I heard it, of course, from behind me, and it was just the barest whisper, more an exhalation of breath than a sentence. If the jukebox wasn't in-between songs at that exact moment, I wouldn't have heard it at all, I'm sure. It knocked the breath out of me, a sonic bullet, and I sat for a moment, shoulders shrugged, gazing at the reflection of the ceiling fan in the face of plate. I faintly remember wiping the mustard off the plate with the kale in order to see more of the ceiling. I turned to see who had spoken and she was there, her head down so that her hair spilled over her forehead and her eyes, pouring hot water from the decanter to her tea mug. In front of her was the tangled mess of a jigsaw puzzle, one which surely couldn't be solved. Most of it was still in the box. Of the pieces on the table, there wasn't a single edge or corner piece that I could see. There were polygon pieces like the kinds in kindergarten puzzles, squares and triangles. There were black and white pieces and vibrant colored pieces, pieces that couldn't have been to the same set. There was even a horseshoe shaped piece, iridescent like a hologram sticker. In the middle of all of these unshoed shapes were several hundred pieces that had been forced to fit each other In places, the fits were truly terrible, and pieces overlapped, or warped bits of the puzzle up into the air. The holes were all the size of cracks, but they were everywhere. At first sight, I thought I saw a picture in the puzzle, a picture that would justify this forced-fit, but an instant later I realized there was nothing, just chaos, piece after piece shoved into each other wherever there was a peg and a hole. Some of the pieces were upside-down; either that or the glossy surface had ripped off of them, revealing the cardboard beneath.

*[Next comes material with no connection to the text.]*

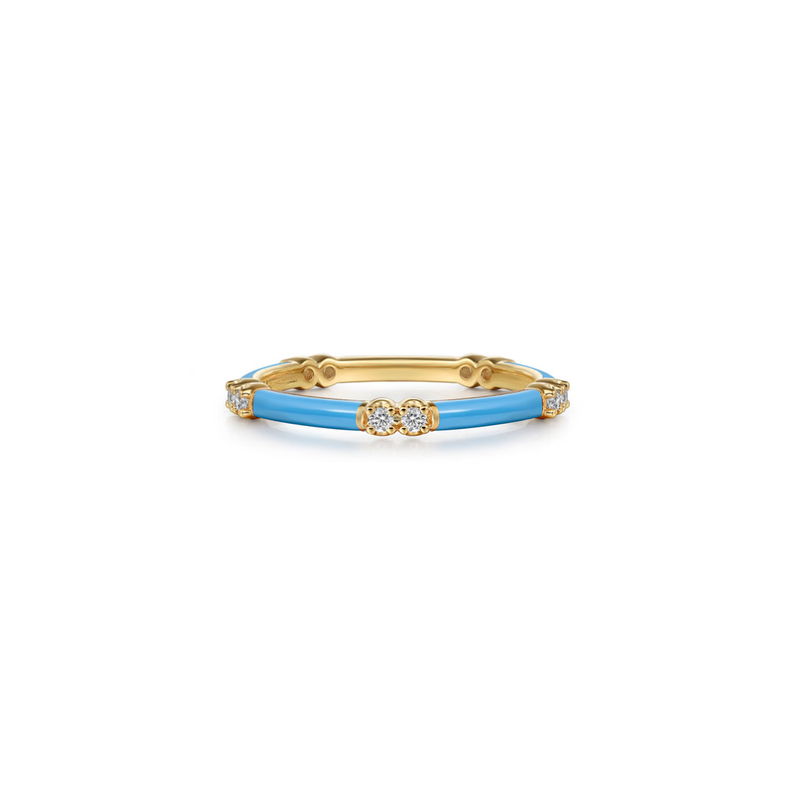 The Lucky Bamboo Ring (Millennial Pink & Yellow Gold Edition)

I turned back to my book quickly but I couldn't read. I didn't want to be responsible for overhearing. She sat there for another half hour while I faced the door and then she gathered up her pieces into the taped box and left through the front door. She must've left her money on the table because she didn't stop at the counter with a bill and now I can't stop noticing her. The fact that everyone tried so hard doesn't make it any easier and now I can't stop noticing her.